Event rates were calculated as the number of events per 100 participant-years. Simple P values (not corrected for multiple tests among event types or treatment groups) were obtained from a Poisson regression model of the rates. The diagram denotes the range of the P values for the six pairwise group comparisons of each adverse event. The following were adjudicated events: serious adverse events or any targeted events, including severe hypoglycemia, lactic acidosis, pancreatitis, diabetic ketoacidosis or hyperosmolar hyperglycemic syndrome, revascularization (coronary, peripheral, or cerebral), congestive heart failure, or cancer. The first occurrence of weight gain of 10% or more was compared with the baseline weight. Gastrointestinal symptoms included any one of the following symptoms that occurred at least once per week in the 30 days before the quarterly visit and were reported by the participant: nausea, vomiting, bloating or stomach pain, or diarrhea.

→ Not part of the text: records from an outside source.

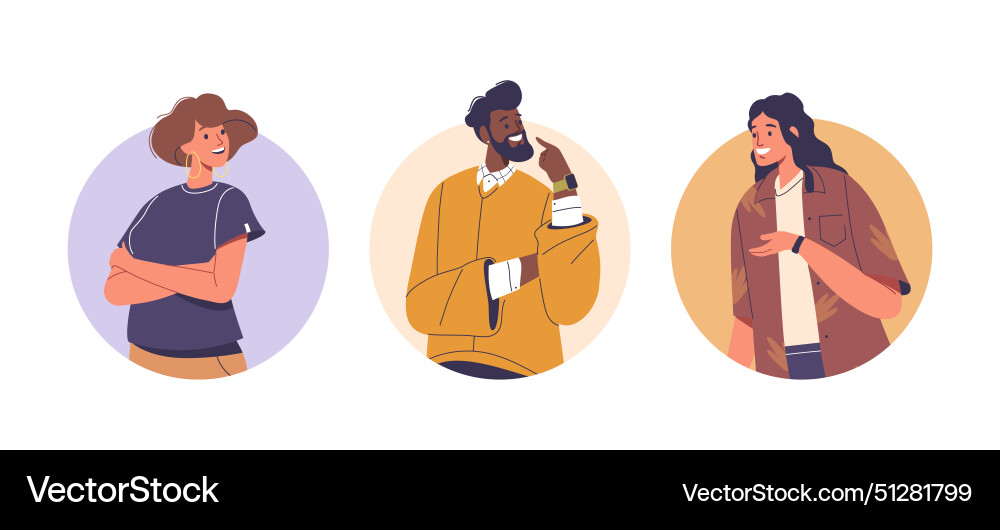 Three smiling characters looking confident Three smiling characters looking confident vector image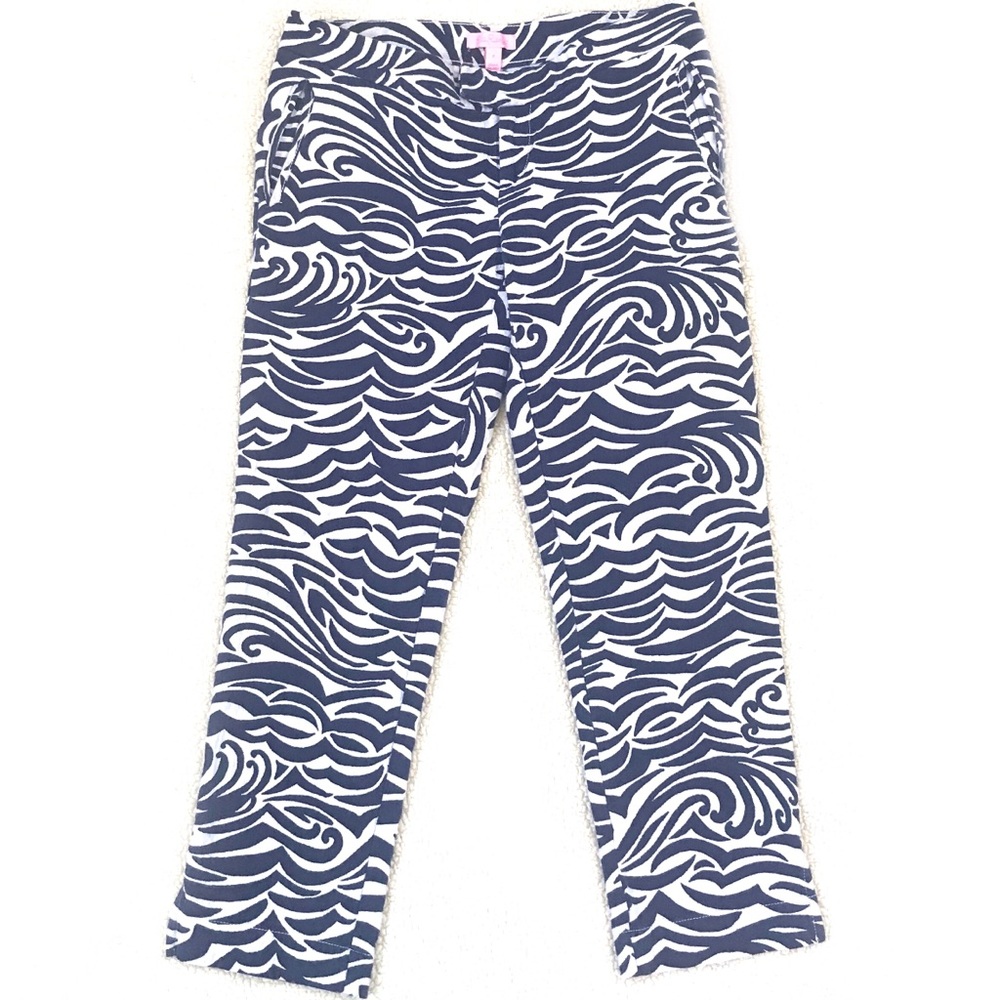 •SOLD•LILLY PULITZER Blue & White Print Crop Pants - Picture 1 of 5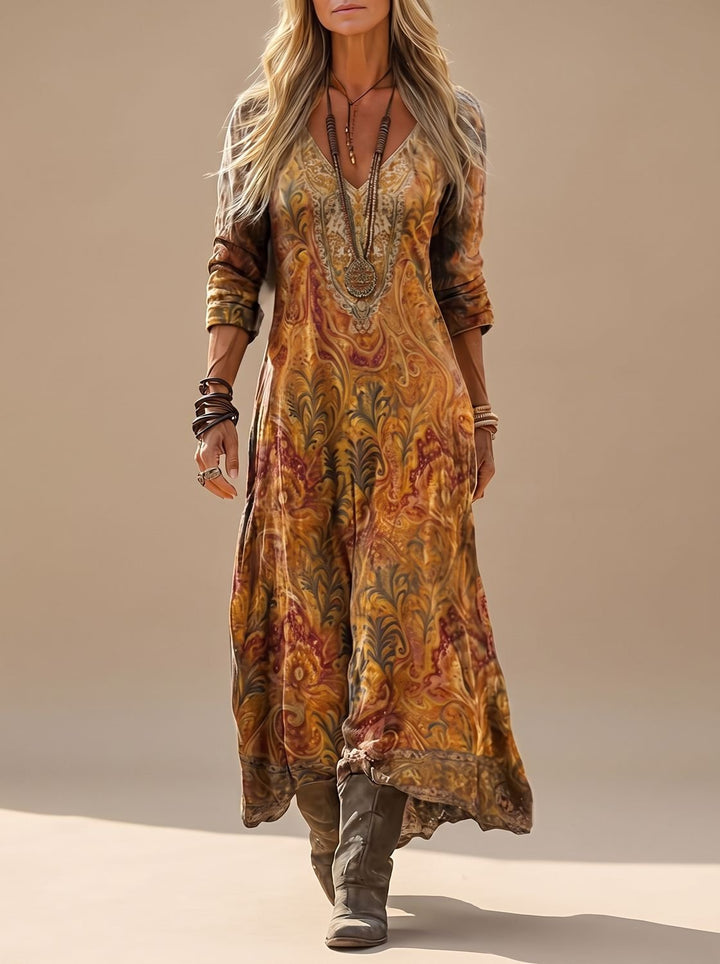 Damen Boho Maxi-Kleid Langarm V-Ausschnitt Vintage Paisley - Mehrfarbig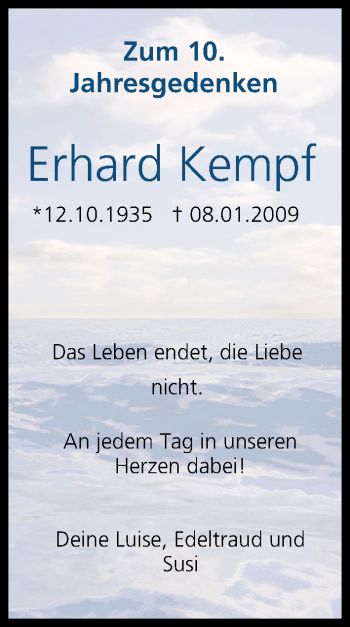 Anzeige von Erhard Kempf von MGO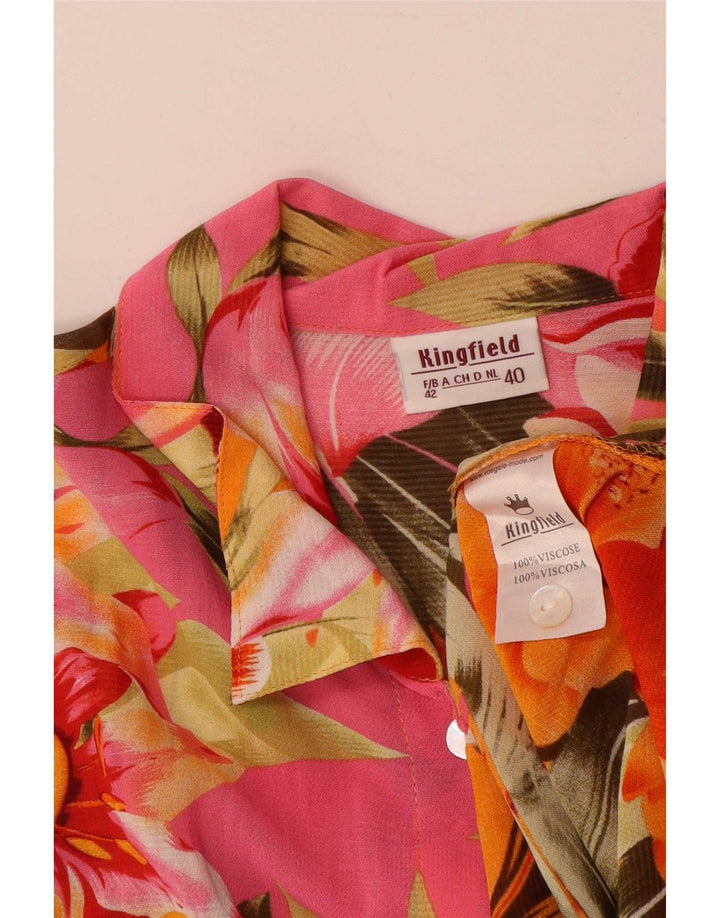 Kingfield Camicia a maniche corte da donna Camicetta EU 42 Grande floreale multicolore
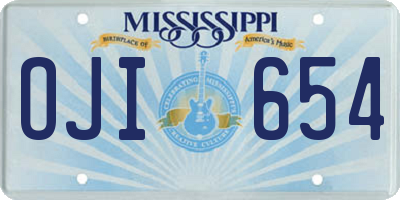MS license plate OJI654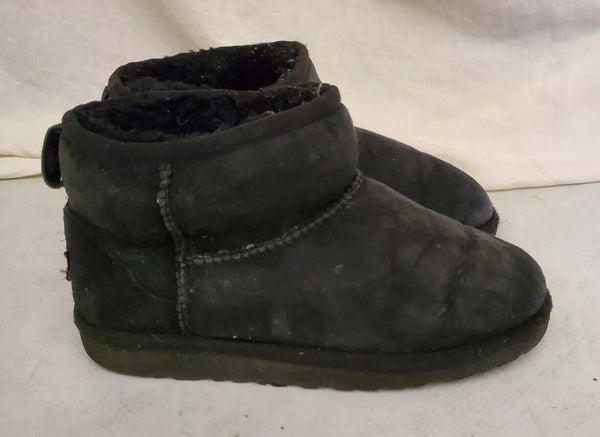 UGG Boots Classic Short Black Suede Shearling Lined Uk 3 Eu 36 Vintage Y2K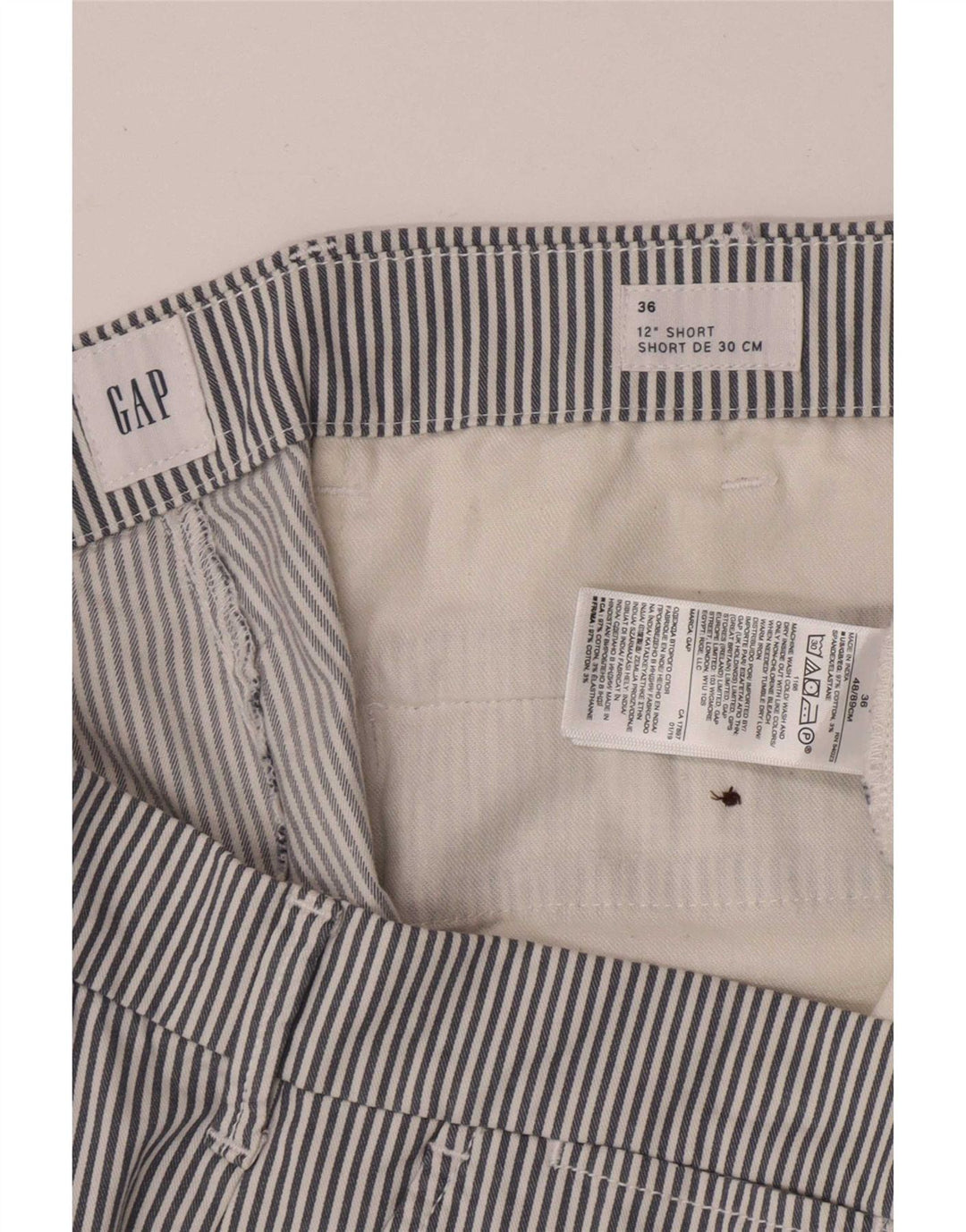 Gap Mens Chino Shorts W36 Large Blue Striped Cotton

Data on serious adverse events and prespecified targeted adverse events are provided in Figure 3. The glimepiride and glargine groups had a significantly higher overall incidence of any adverse event (serious adverse events and prespecified adverse events) (in 38% and 37% of the participants, respectively) than the liraglutide group (in 34%) (uncorrected P=0.001 and P=0.02, respectively). Severe hypoglycemia was generally uncommon, but it affected more participants assigned to glimepiride (2.2%) than to sitagliptin (0.7%) (P≤0.001), liraglutide (1.0%) (P≤0.001), or glargine (1.3%) (P=0.02). There were no substantial differences among the treatment groups with respect to other targeted outcomes, including pancreatitis and pancreatic cancer (data not shown). Gastrointestinal symptoms were considerably more common with liraglutide than with the other three treatments. Over 4 years, the mean loss of weight was substantially higher in the liraglutide and sitagliptin groups (3.5 and 2.0 kg, respectively) than in the glargine and glimepiride groups (0.61 and 0.73 kg, respectively).